DEFICIENCIES A deficiency is an instance of noncompliance with licensing requirements, including applicable statutes, regulations, interim licensing standards, operating standards, and written directives. Applicants/ licensees must be notified in writing of all licensing deficiencies. Deficiencies are listed on the left side of this form, and the applicable licensing requirement upon which the deficiency is identified. There are two types of deficiencies:
  • Type A deficiencies are violations of licensing requirements that, if not corrected, have a direct and immediate risk to the health, safety, or personal rights of persons in care.
  • Type B deficiencies are violations of licensing requirements that, without correction, could become a risk to the health, safety, or personal rights of persons in care, a recordkeeping violation that could impact the care of said persons and/or protection of their resources, or a violation that could impact those services required to meet the needs of persons in care.
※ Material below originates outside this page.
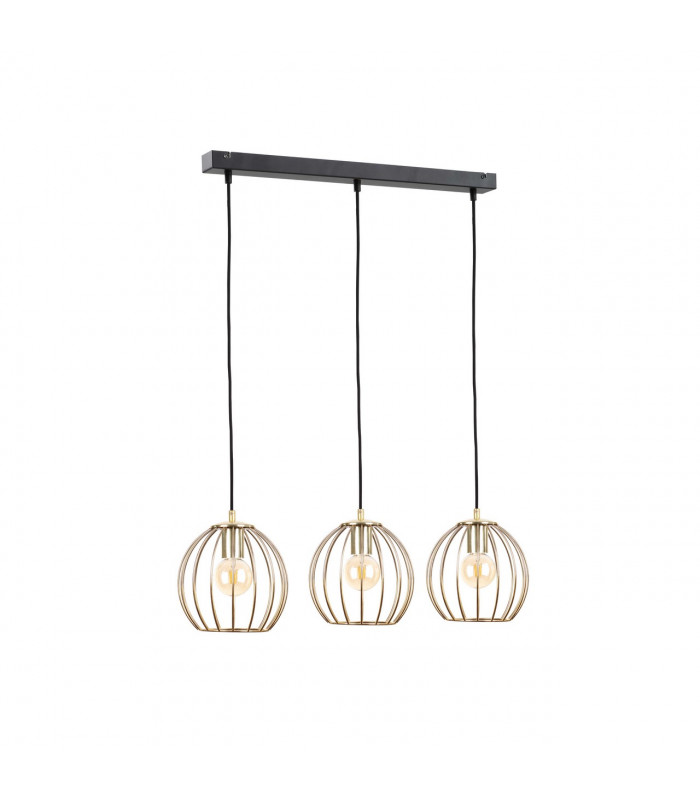 Globe Bar Pendant Ceiling Light Black, Gold, 60cm, 3x E27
PLANS OF CORRECTION (POCs) The licensing agency is required to establish a reasonable length of time to correct a deficiency. In order to set the time, the licensing agency must take into consideration the seriousness of the violation, the number of persons in care involved, and the availability of equipment and personnel necessary to correct the violation. Applicants/licensees are requested to provide a specific plan for each violation on the right side of the form across from each deficiency. The more specific the plan, the less chance exists for any misunderstanding in setting time limits and reviewing corrections. The applicant/licensee who encounters problems beyond their control in completing the corrections within the specified time frame may request and may be granted an extension of the correction due date by the licensing agency.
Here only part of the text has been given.